At South San Francisco platform protection is done by

FEDERAL Railroad RULE - GCOR Rule 6.30 .

This is the “HOLD OUT” rule where

only ONE train a time is allowed to pass a station area :

---------------------------------

6.30 Receiving or Discharging Passengers

When a passenger train is receiving or discharging traffic, a train, engine, or piece of equipment must not pass between it and the station platform being used unless safeguards are provided.

----------------------------------

When I started regularly watching Southern Pacific then Caltain commute ops

in the late 1970 s almost ALL stations were setup in this.

The only station exceptions to this in the late 1970s were

Bayshore, San Bruno and Palo Alto - Downtown--University Avenue.

Since Caltrain JPB took over July 1, 1992 , Caltrain has gone

on a MAJOR MAJOR construction effort to rebuild almost all

stations to the current "Outboard Platform" format.

The only Caltrain stations that have yet to be rebuilt are :

South SF, Broadway, Atherton and College Park.

Of those ONLY South SF (South City) has frequent weekday service .

College Park (San Jose) has only ONE train each way on weekdays.

Broadway (north Burlingame), and Atherton are weekend only stations.

As I understand it, GCOR Rule 6.30 applies if there is

ANY SCHEDULED service at a station

for that ENTIRE calendar day.

This is how Caltrain operates a weekday schedule and

mostly avoids Rule 6.30 with the single exception of South SF.

That would also be why Caltrain has NO weekday service to

Broadway and Atherton.

They do not need to protect or construct new platforms

at Broadway and Atherton if there is NO scheduled weekday service.

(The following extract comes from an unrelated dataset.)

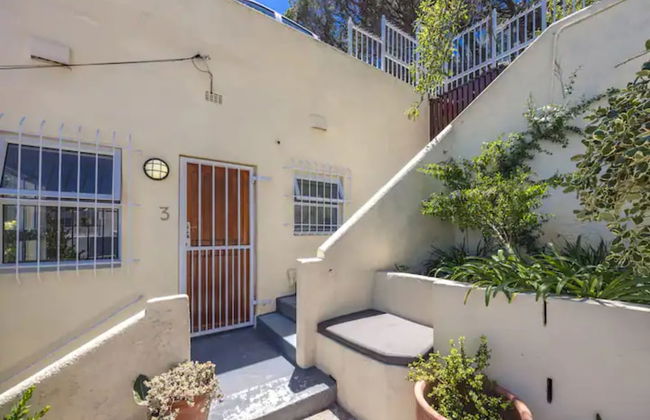 Perfect Getaway in Clifton - Photo 34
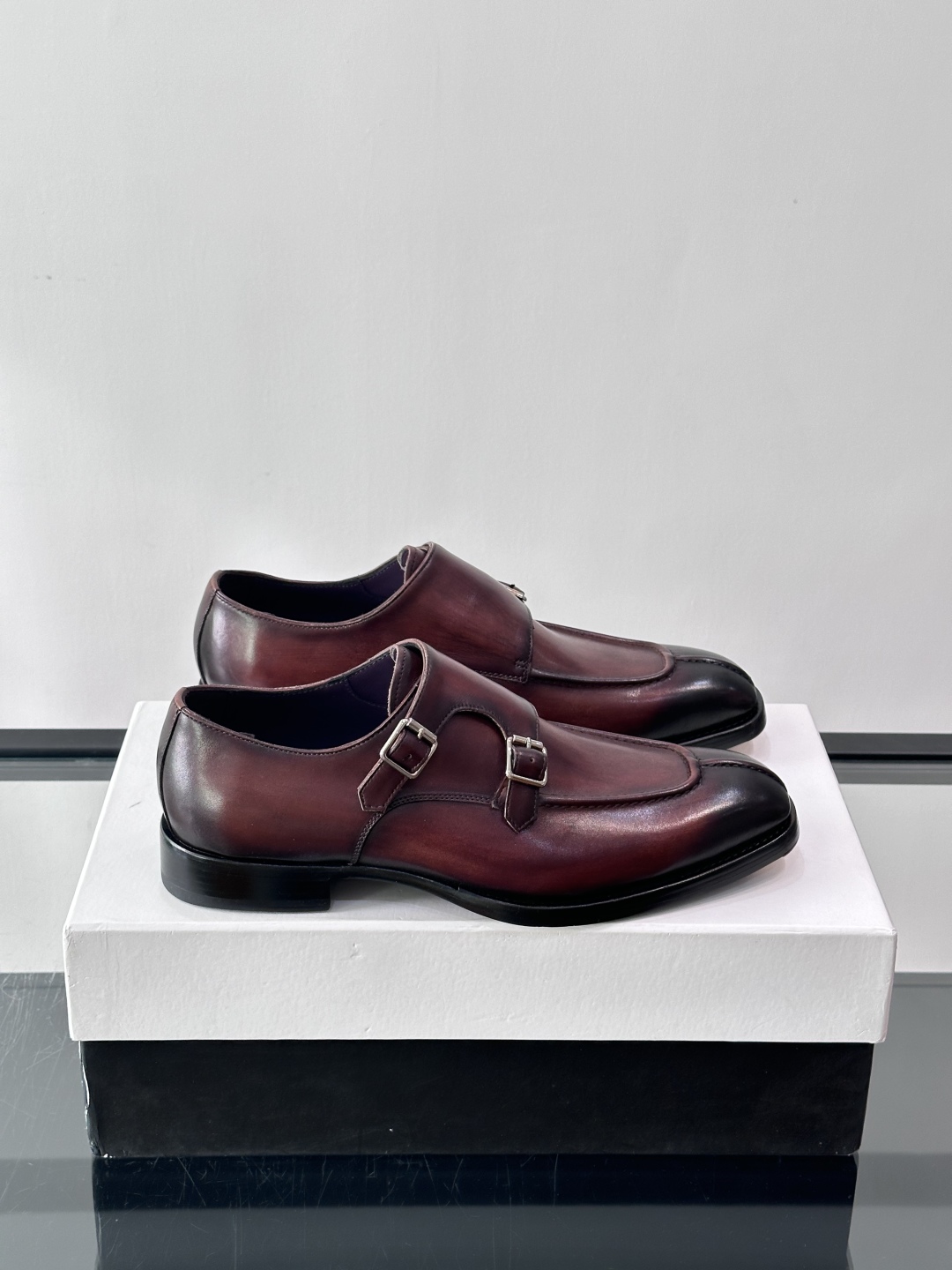 Berluti/布鲁提高端真皮大底正装皮鞋，采用进口牛皮鞋面 柔软有型，手工改色工艺，低调奢华气质，舒适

IN this video you can see the OLD platform layout which is

still used at South San Francisco:


----------



## leemell (Sep 20, 2012)

daniel3197 said:


> You do NOT understand the track and platform layout which is
> 
> LEFTOVER from the OLD layout in which almost all
> 
> ...



Metrolink and SCCR are preparing to rebuilt the Van Nuys platform. The Metrolink board just approved $40M and started preliminary engineering. I was at the station three weeks ago and USA had marked it up for engineering the track moves.


----------



## fairviewroad (Sep 20, 2012)

daniel3197 said:


> You do NOT understand the track and platform layout which is
> 
> LEFTOVER from the OLD layout in which almost all
> 
> intermediate stations from San francisco to San Jose were setup like this.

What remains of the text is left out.